A demonstration was staged by Oxford Communities Against Trafficking (OXCAT) last Saturday. Primarily concerned with raising awareness amongst the general public of the many issues surrounding the sex trafficking of young girls and women, the demonstration also sought to allow young volunteers a chance to engage with OXCAT’s campaign.
An OXCAT spokesperson said, “We are trying to do as much awareness-raising in the community as possible, targeted at different levels. Saturday was a small and low-key event for a few young people who wanted to know more about trafficking. The main aim was for those young people who wanted to learn about trafficking and wanted to get involved to do so.”
OXCAT have run a number of drives targeted at people throughout the community in order to raise awareness of these issues. In December 2012 they ran a free course specifically designed to raise awareness amongst registered taxi and private hire drivers. In October 2012 they ran the Child Catcher stunt, in which men dressed as the character of the Child Catcher from Chitty Chitty Bang Bang and walked enchained schoolchildren through the streets of Oxford. Their main efforts are now focused on the 2013 Anti-Slavery Day on 18th October.

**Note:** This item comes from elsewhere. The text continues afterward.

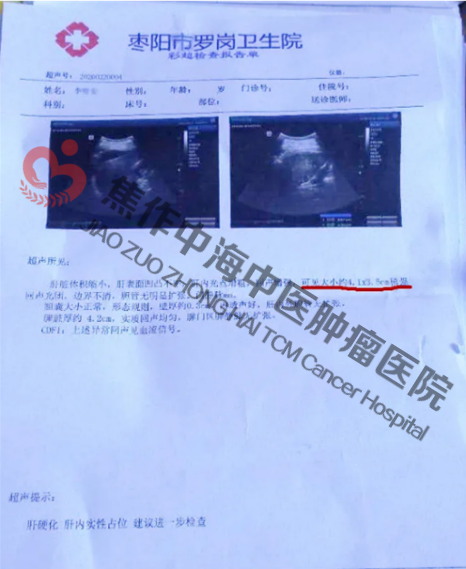 肝癌李2.png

The Queen’s College Equalities Rep Li Li Tan said, “In general I think campaigns like this are really necessary for raising awareness of issues in the wider world. Especially since I’ve encountered a fair number of people who are sceptical about why we would even need positions like the Equalities Rep, because cases of serious discrimination are not widespread within Oxford colleges.”
Suzanne Holsomback, OUSU Vice-President for Women, told Cherwell, “The Oxford Community Against Trafficking and Salvation Army’s demonstration on 9th March was a powerful statement about trafficking and modern day slavery. Trafficking happens in Oxford and we cannot turn a blind eye to this crime in our community. Bold campaigns such as this force people to see, hear, and know that trafficking is an issue.”
Sex trafficking is an issue which has come to light in Oxford through the Bullfinch trial, which started in mid-January. The trial has seen the prosecution of nine men on 78 separate charges of child rape, trafficking, and sexual exploitation of girls between the ages of 11 and 16.